# Goal of the exercise
What you output must be the exact lines from the first line of the data through the one holding "Maggie Bags Campus Tote Giveaway Button", with no pictures.

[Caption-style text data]
▼▼▼
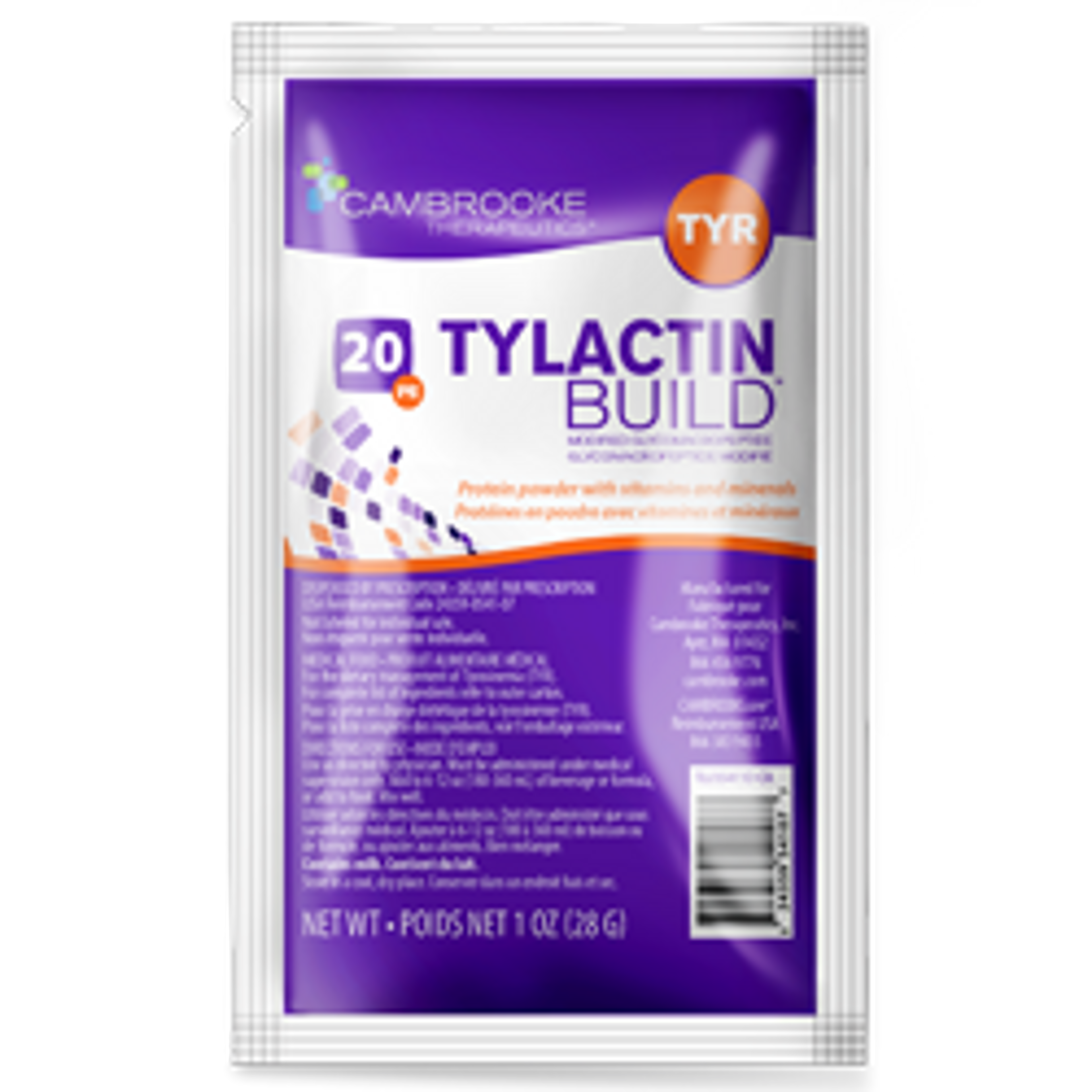 Cambrooke Tylactin BUILD 20 Supplement Powder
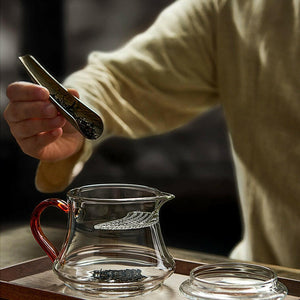 月牙濾網玻璃茶海公道杯-350cc.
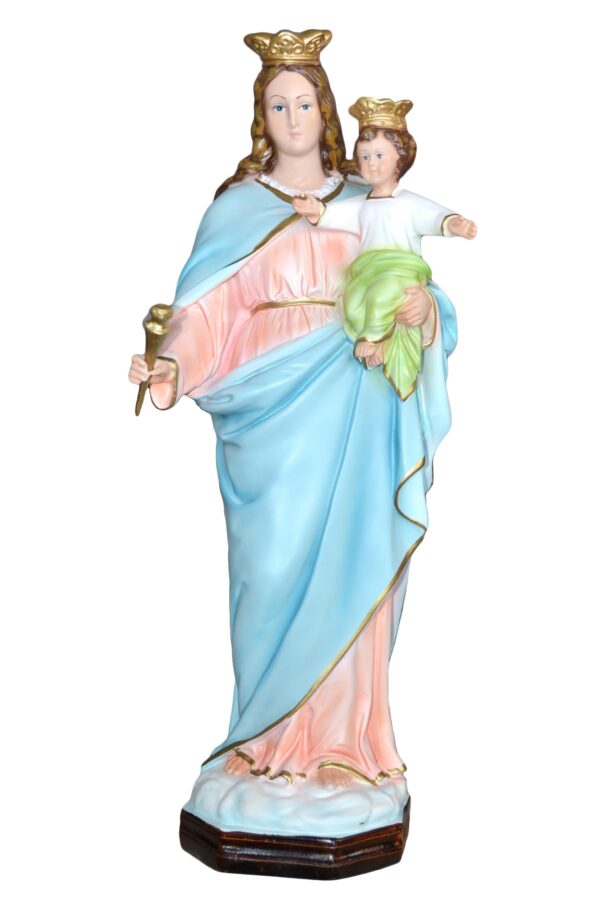 Statua cm. 45 di Maria Ausiliatrice art. G.03.45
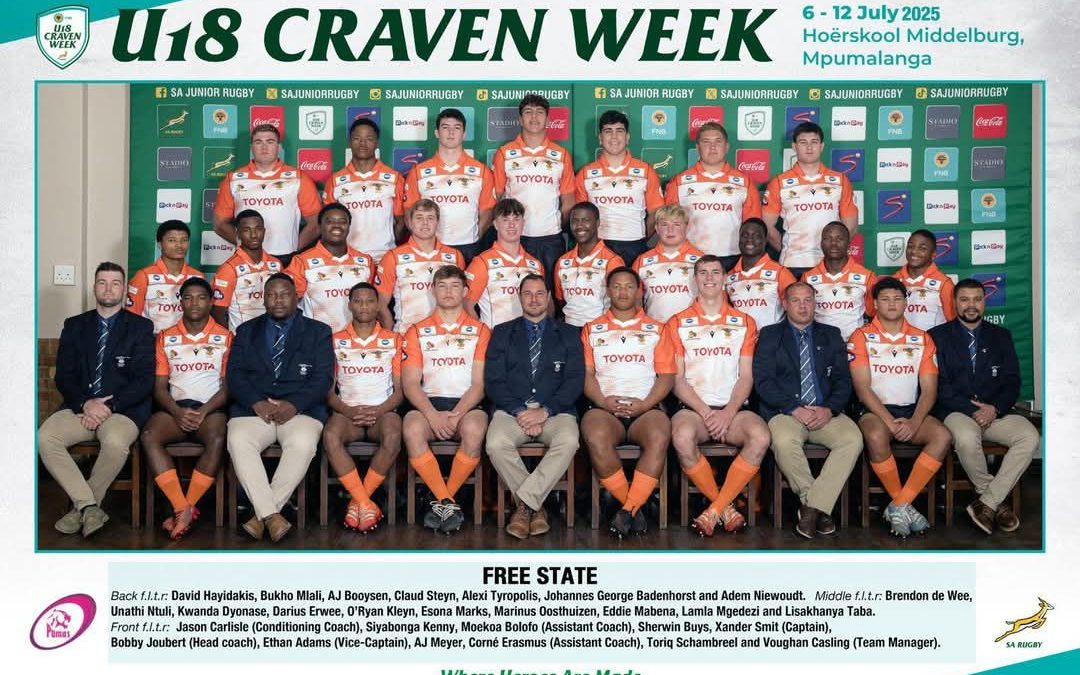 Free State Craven Week team 2025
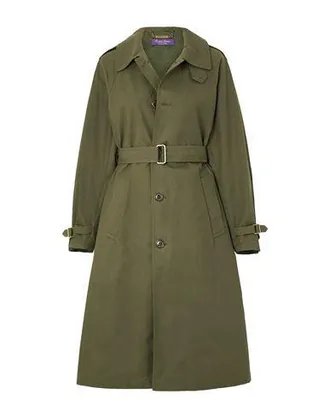 ジャケット・アウター Tomorrow Land Wool Trench Coat Size: 48 Military Issue Army Serge Green Wool Overcoat AG-44 Peacoat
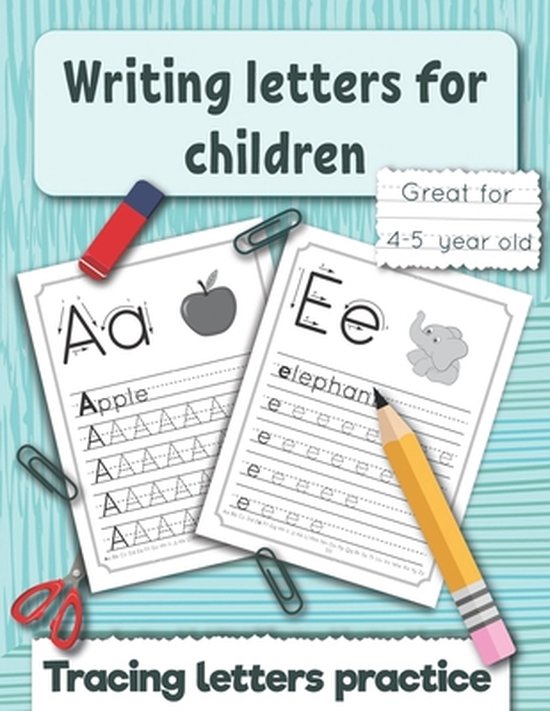 Handwriting Workbooks for Kids- Writing letters for children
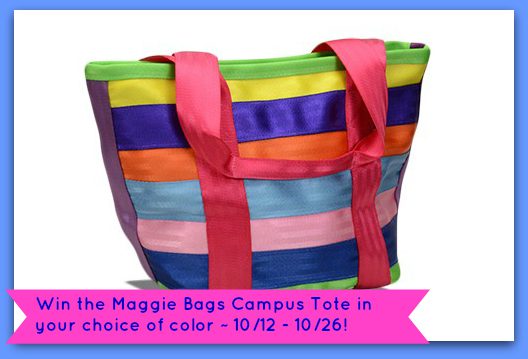 Maggie Bags Campus Tote Giveaway Button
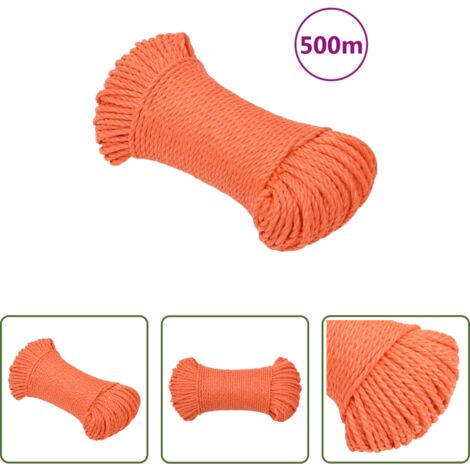 Cuerda polipropileno -  Cuerda de trabajo polipropileno naranja 3 mm 500 m
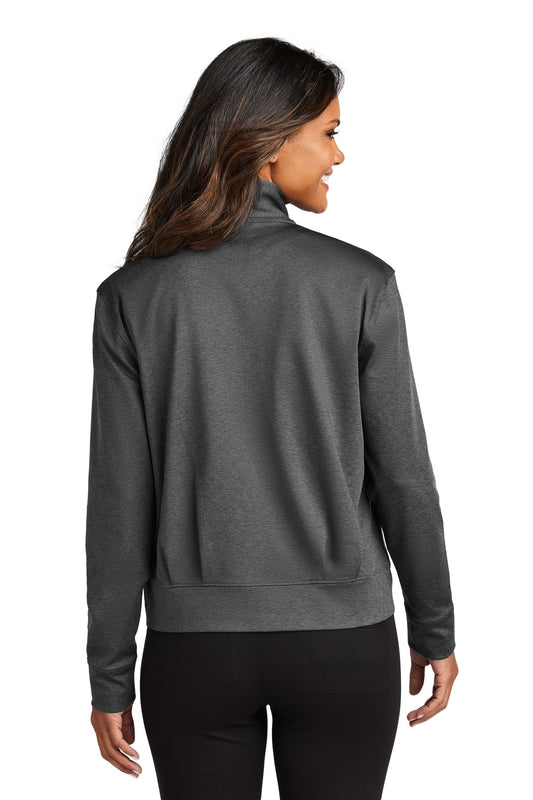 Port Authority Women's C-FREE Double Knit Full-Zip LK881 Grey Steel Heather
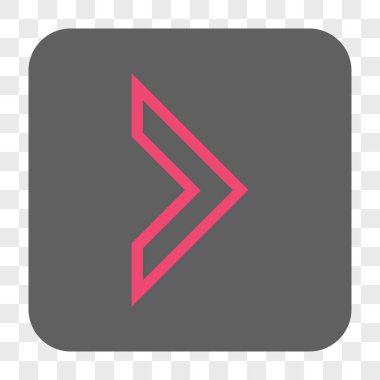 Ok ucu sağ yuvarlak kare düğme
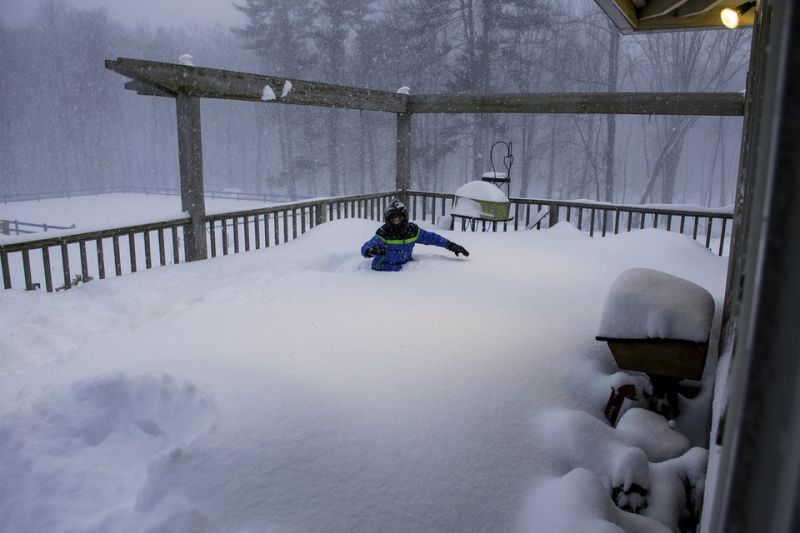 Több utat is le kellett zárni hóátfúvás miatt Vas megyében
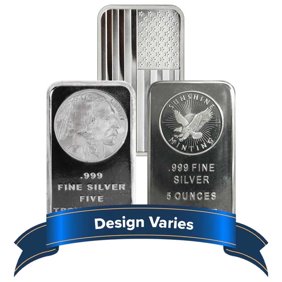 5 Troy oz Hallmarked Silver Bar .999 Fine Secondary Market
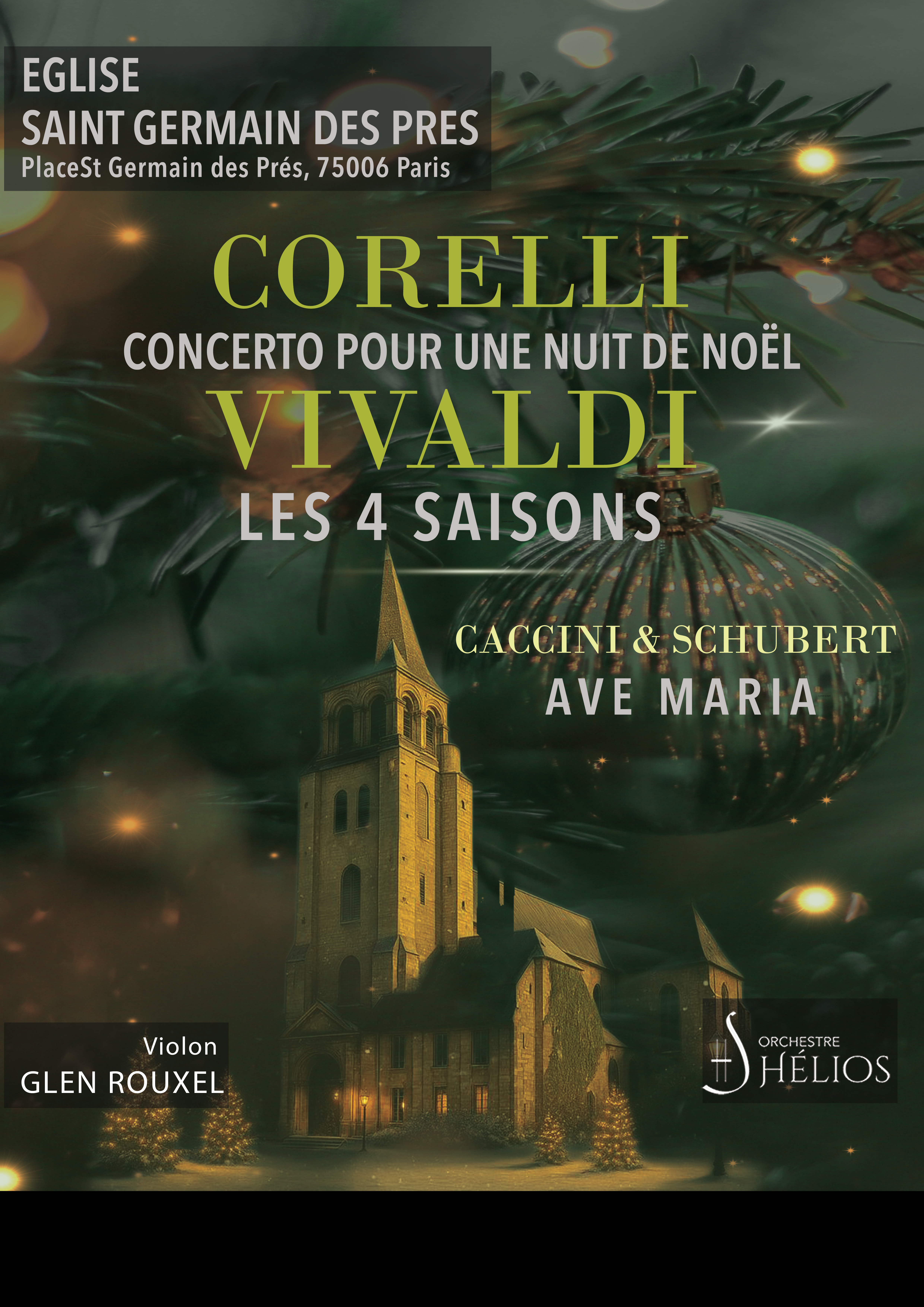 Concerto pour une Nuit de Noël de Corelli / Ave Maria de Caccini & Schubert / Les 4 Saisons de Vivaldi Intégrale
▲▲▲
# Exercise result
 Cambrooke Tylactin BUILD 20 Supplement Powder
 月牙濾網玻璃茶海公道杯-350cc.
 Statua cm. 45 di Maria Ausiliatrice art. G.03.45
 Free State Craven Week team 2025
 ジャケット・アウター Tomorrow Land Wool Trench Coat Size: 48 Military Issue Army Serge Green Wool Overcoat AG-44 Peacoat
 Handwriting Workbooks for Kids- Writing letters for children
 Maggie Bags Campus Tote Giveaway Button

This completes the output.